• **PROBLEM REQUIREMENTS**
Output each line of the data below exactly, omitting any image.

• **MATERIAL PROVIDED**
----

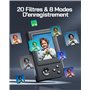 caméra vidéo Zoom numérique 16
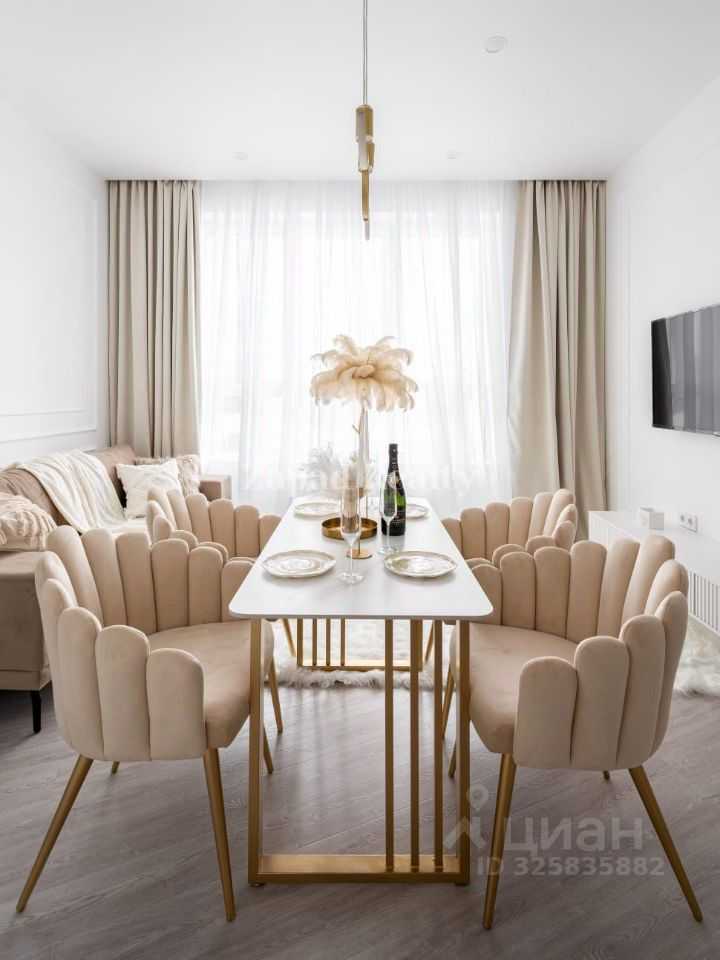 2-комнатная квартира, 62 м² — фотография 3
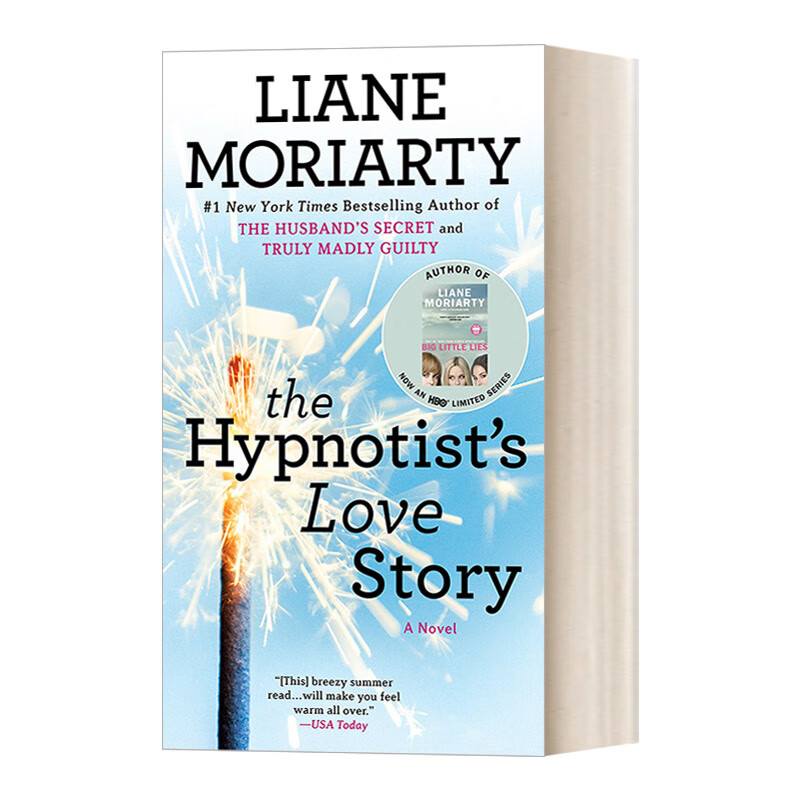 进口原版小说 the hypnotists love story 不眠之爱 liane moriarty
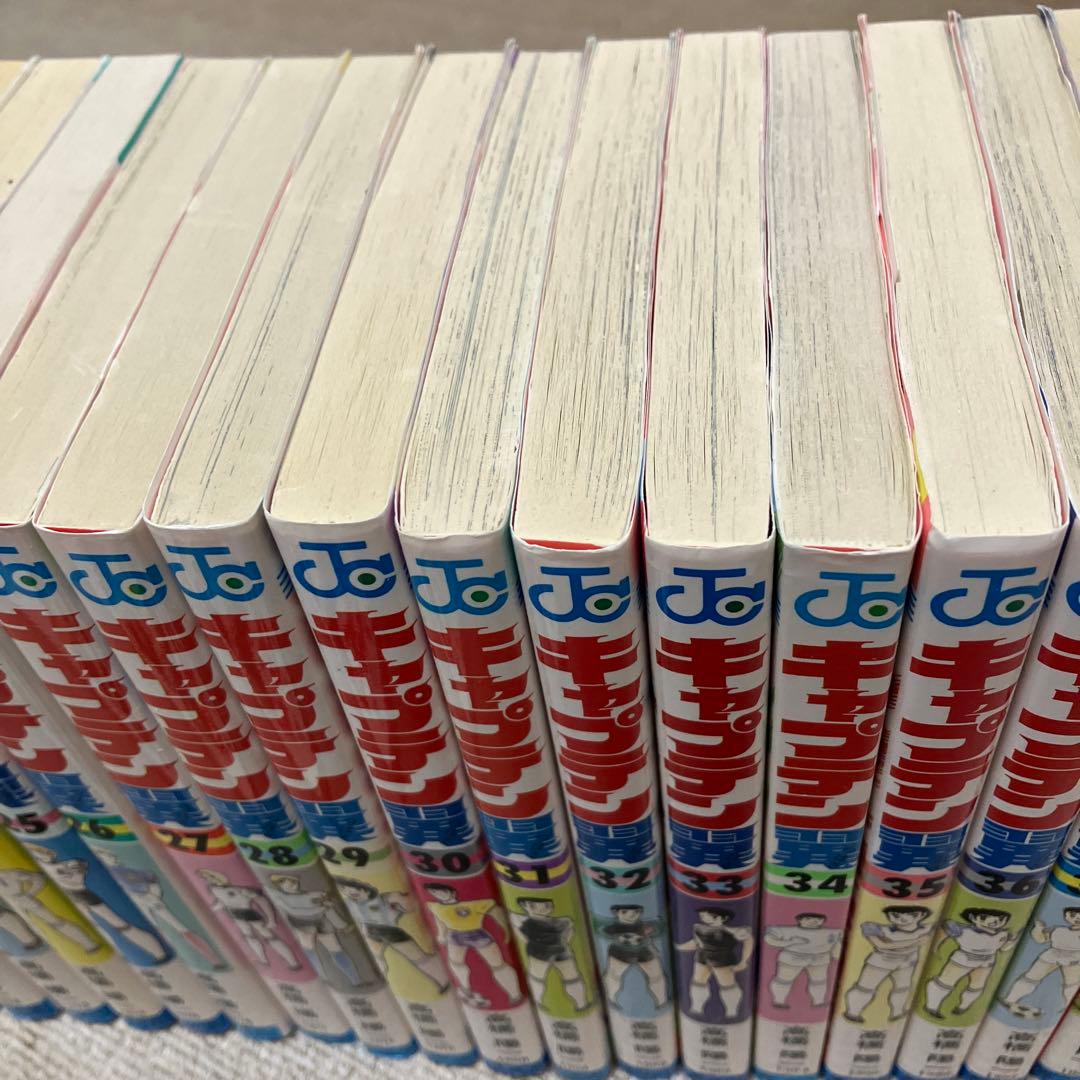 キャプテン翼　全３７巻＋１冊　高橋陽一　CAPTAIN TSUBASA　状態良好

----

• **EXERCISE RESPONSE**
 caméra vidéo Zoom numérique 16
 2-комнатная квартира, 62 м² — фотография 3
 进口原版小说 the hypnotists love story 不眠之爱 liane moriarty
 キャプテン翼　全３７巻＋１冊　高橋陽一　CAPTAIN TSUBASA　状態良好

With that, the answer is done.